* _What to produce_
In which lines of the data does the string "Honda" appear? Copy every one.

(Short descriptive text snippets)
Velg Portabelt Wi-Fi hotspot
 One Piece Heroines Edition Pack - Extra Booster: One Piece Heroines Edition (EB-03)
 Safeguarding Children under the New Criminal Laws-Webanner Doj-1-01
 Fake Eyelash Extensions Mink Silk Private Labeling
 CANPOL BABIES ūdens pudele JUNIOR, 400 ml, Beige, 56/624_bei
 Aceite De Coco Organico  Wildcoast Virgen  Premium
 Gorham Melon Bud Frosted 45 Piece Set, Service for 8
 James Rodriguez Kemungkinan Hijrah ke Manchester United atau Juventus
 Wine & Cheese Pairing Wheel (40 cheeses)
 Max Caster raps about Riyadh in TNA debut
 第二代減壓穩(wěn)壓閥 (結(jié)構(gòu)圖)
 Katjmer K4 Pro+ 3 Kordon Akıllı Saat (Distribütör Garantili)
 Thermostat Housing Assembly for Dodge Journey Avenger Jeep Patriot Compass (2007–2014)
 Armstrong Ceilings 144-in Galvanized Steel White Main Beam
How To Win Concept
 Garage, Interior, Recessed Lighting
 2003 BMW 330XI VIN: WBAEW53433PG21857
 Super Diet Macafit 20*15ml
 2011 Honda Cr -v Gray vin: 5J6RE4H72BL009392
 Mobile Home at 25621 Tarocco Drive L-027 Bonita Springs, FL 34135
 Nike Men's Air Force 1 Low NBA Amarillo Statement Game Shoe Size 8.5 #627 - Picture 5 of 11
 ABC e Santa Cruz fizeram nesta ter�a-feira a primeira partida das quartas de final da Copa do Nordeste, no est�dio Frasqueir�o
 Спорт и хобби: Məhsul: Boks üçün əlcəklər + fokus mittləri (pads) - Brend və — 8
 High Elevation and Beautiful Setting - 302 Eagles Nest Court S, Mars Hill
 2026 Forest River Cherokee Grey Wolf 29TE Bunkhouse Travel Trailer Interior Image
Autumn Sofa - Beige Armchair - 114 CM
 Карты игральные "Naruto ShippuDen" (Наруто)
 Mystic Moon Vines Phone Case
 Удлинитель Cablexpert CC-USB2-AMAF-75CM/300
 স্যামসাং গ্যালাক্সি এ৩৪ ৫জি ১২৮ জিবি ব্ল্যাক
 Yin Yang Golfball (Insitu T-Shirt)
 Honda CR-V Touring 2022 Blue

* _Response to the exercise_
 2011 Honda Cr -v Gray vin: 5J6RE4H72BL009392
 Honda CR-V Touring 2022 Blue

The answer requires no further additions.